The score. We’ve gone from jazz legend Herbie Hancock to guitar god Jimmy Paige. This seems like a cool move, but the results are rather comical and dated. I literally laughed out loud during the opening credits theme, full of cheesily soaring guitar shreds.

From a story perspective the biggest fail of the film is the romantic subplot with Geri. Everything about it is a bad decision. Realistically, it was fucking weird that Geri never acknowledged that Kersey’s retarded daughter had been raped and killed mere days ago. She immediately goes back to their relationship as usual, complaining about not getting to see him and setting up sexy dinner dates. This makes her really unlikable if we’re supposed to buy any of it emotionally. Further more, Kersey lies to her about what he’s doing, re: killing. While on the surface this may seem logical, it has the side-effect of revealing that Kersey knows what he’s doing is wrong and that he doesn’t really love Geri. A significantly more interesting scene would have found Kersey trying to explain his motivations to the woman.

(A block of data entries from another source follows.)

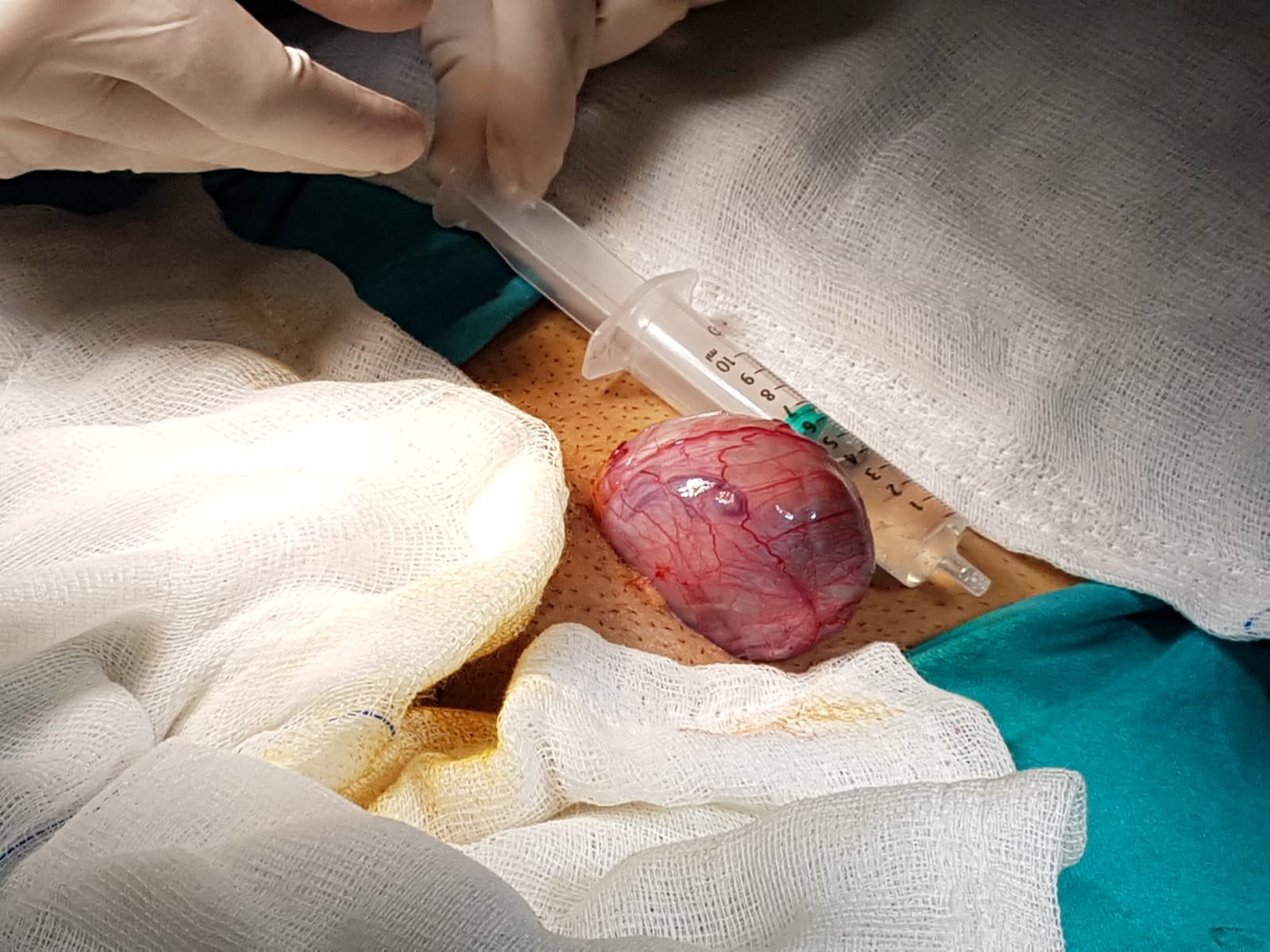 Testis Kanseri Nedir? Testis (Yumurtalık) Kanseri Belirtileri ve Tedavisi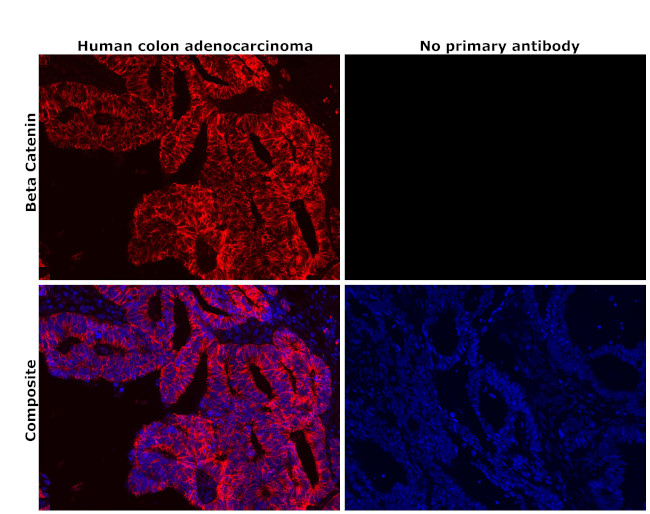 beta Catenin Antibody in Immunohistochemistry (Paraffin) (IHC (P))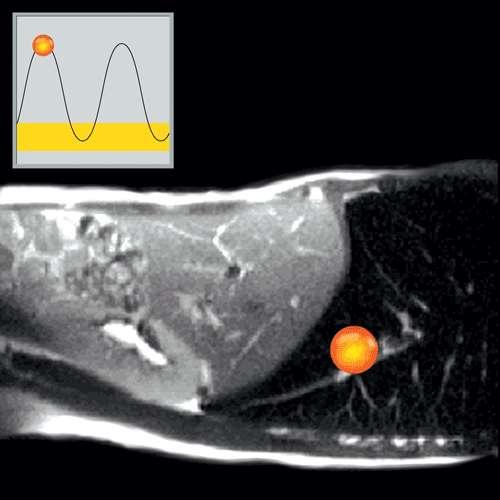 Respiratory Tracking Η δέζκε αθηηλνβνιίαο ελεξγνπνηείηαη όζν ν όγθνο - ζηόρνο είλαη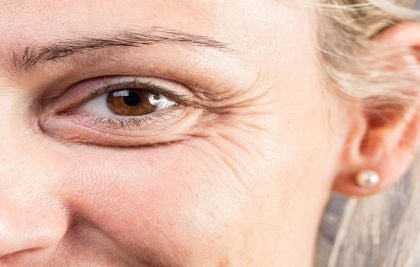 Rugas na área dos olhos: confira as principais dicas para reduzir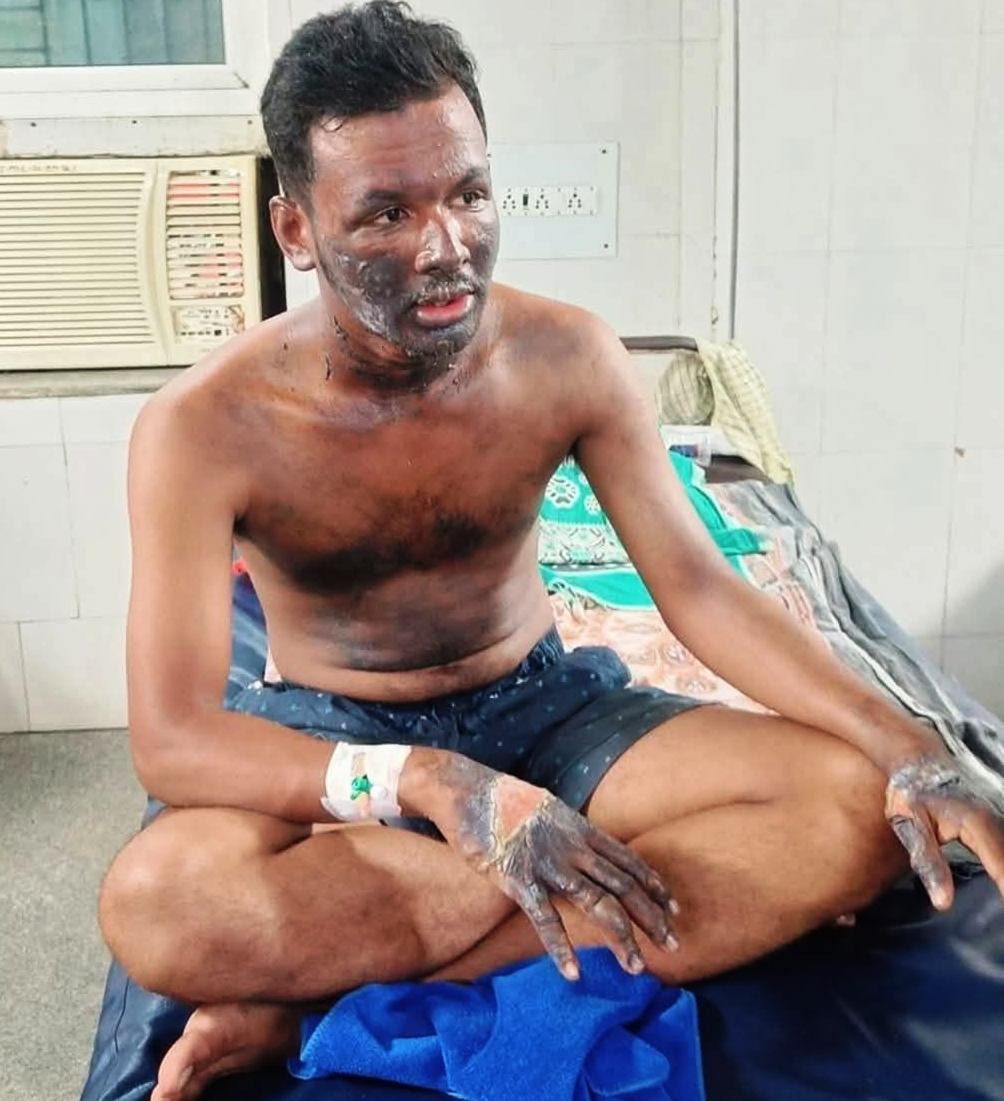 Minister assures best medical care for brave student injured in Balasore college tragedy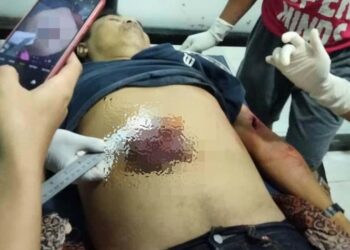 Astaga! Ditusuk OTK, Jagau Tewas dengan Usus Terburai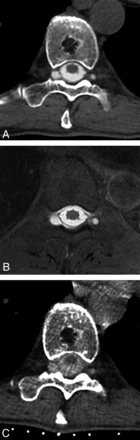 Fig 3.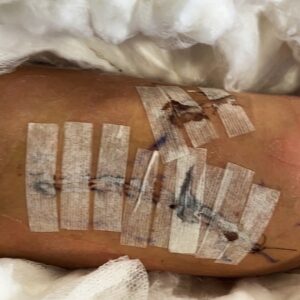 Yolanda Lynes Instagram - My leg snapped in half backwards, while sparring with a guy in BJJ. I broke the joint in 3 places. The rest is TBC.
Say hello to my new leg 🤖 
I hate retelling the story and reliving the moment again.
But after 16 days in hospital, I have spent the past month pretty much bed-bound, I have another month to go before I can start attempting to bear weight on it. 
I just want to say a huge thank you to all the hospital staff, my surgeons, doctors, nurses, everyone who has helped me along the way. 
And also thank you to everyone who has sent me well wishes, I love you all. 
I have documented and video’d my entire journey, daily, including the fight/sparring itself (which I might share with you all at some point) to see how far I’ve come. I’m looking forward to vlogging the happy ending where I’m back on my feet 🤞🏼 
I know I’m slow on replies, but at the moment my focus is just on recovery. 
Thank you everyone ❤️ xx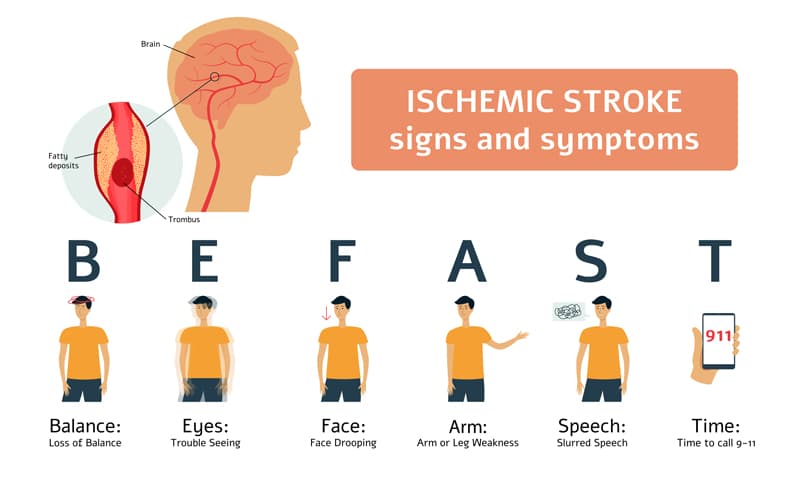 Stroke Symptoms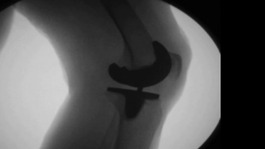 X-ray showing an arthritic joint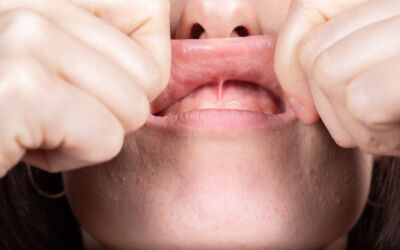 How Long Does A Frenectomy Take To Heal?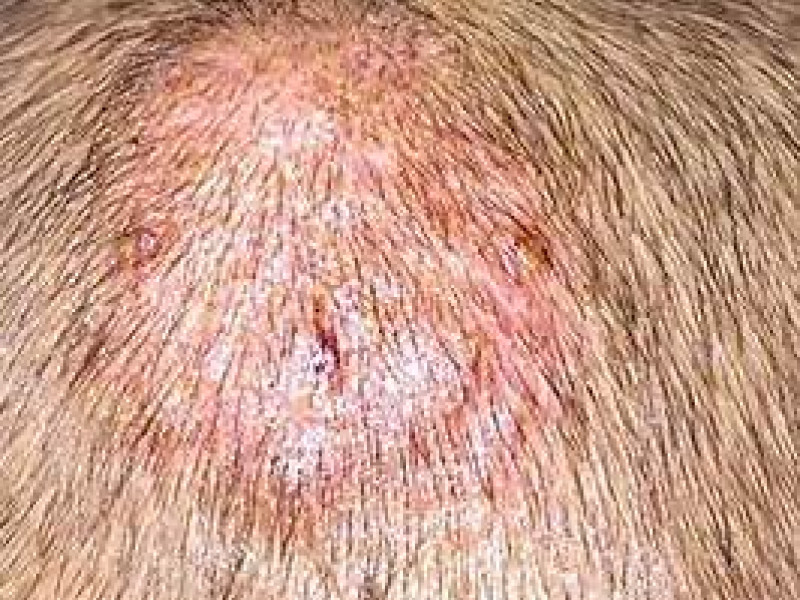 Cada  lesión por tiña puede ser distinta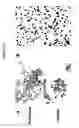 Fig. 11 - Modulation of MDL-1 activity for treatment of inflammatory disease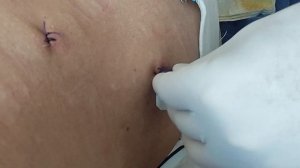 Удаление дренажной трубки  Студент 403 группы Болтаев С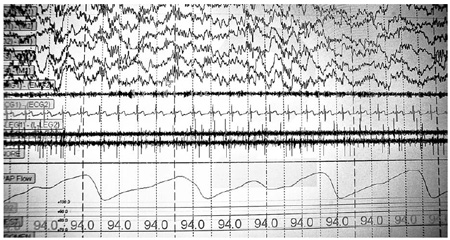 Casting dread out of dreams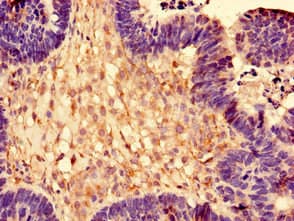 RPL28 / Ribosomal Protein L28 Antibody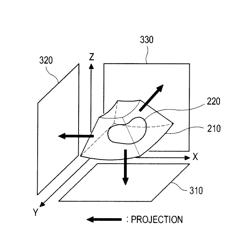 Arranging a three-dimensional ultrasound image in an ultrasound system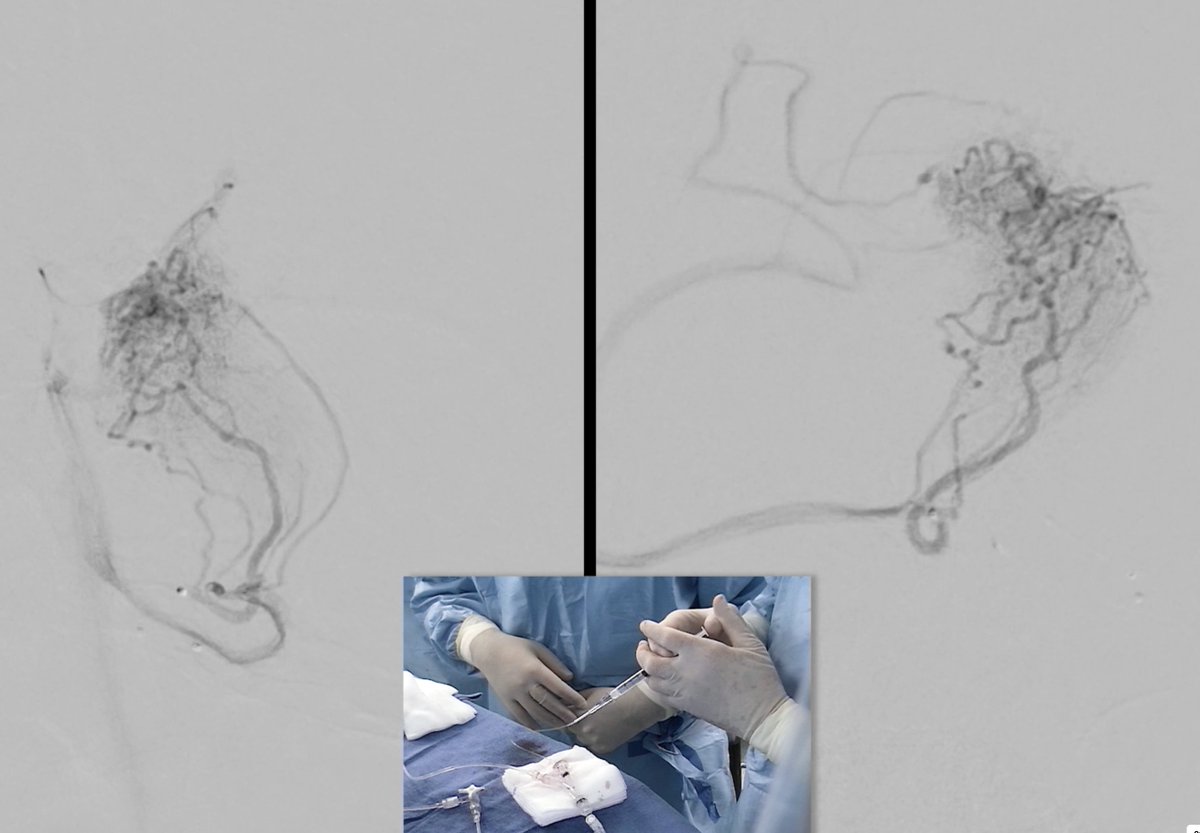 Daniel Vela-Duarte, MD (@danielvelamd) on Twitter photo Day 2
Another interesting, rare case of a 16-year-old patient with a ruptured microAVM of the caudate nucleus, supplied by the Artery of Heubner.
Why would this AVM rupture: Spontaneous thrombosis of the draining vein?
#LINNCamericas <a href="/LINNConline/">LINNC online 🧠</a> Day 2
Another interesting, rare case of a 16-year-old patient with a ruptured microAVM of the caudate nucleus, supplied by the Artery of Heubner.
Why would this AVM rupture: Spontaneous thrombosis of the draining vein?
#LINNCamericas <a href="/LINNConline/">LINNC online 🧠</a>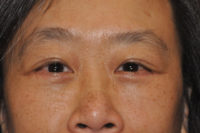 Lower Eyelid Lift or Blepharoplasty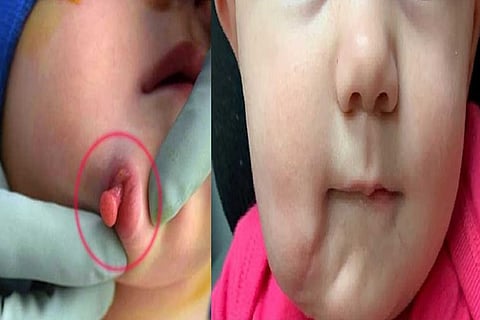 two mouthsweb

Though, worst of all, really, is the simple fact that this subplot is boring. Considering that Bronson and Ireland were in love in real life, and that they made over a dozen films together, you’d think they would have better chemistry.

Most Egregious Punk Moment: I’m gonna give it to the punk licking the maid’s bare ass. Michael Winner definitely has a thing for ass desecration.

Best Bronson Kill: The entirety of the Nirvana kill.

Best Punk Dialogue:
Referring to raping the maid.
Stomper: Nirvana, you want a bit?
Nirvana: Any left?
Stomper: There’s enough.

Best Bronson Dialogue:
As Kersey is about to kill Stomper.
Paul Kersey: You believe in Jesus…
Stomper: Yes, I do.
Paul Kersey: Well, you’re gonna meet him.

Was Justice Satisfactorily Handed Out: And then some.

Should There Have Been A Sequel: Well, once again the film ends with the implication that Kersey is just going to keep killing. But why should I believe them this time? They are liars! Liars!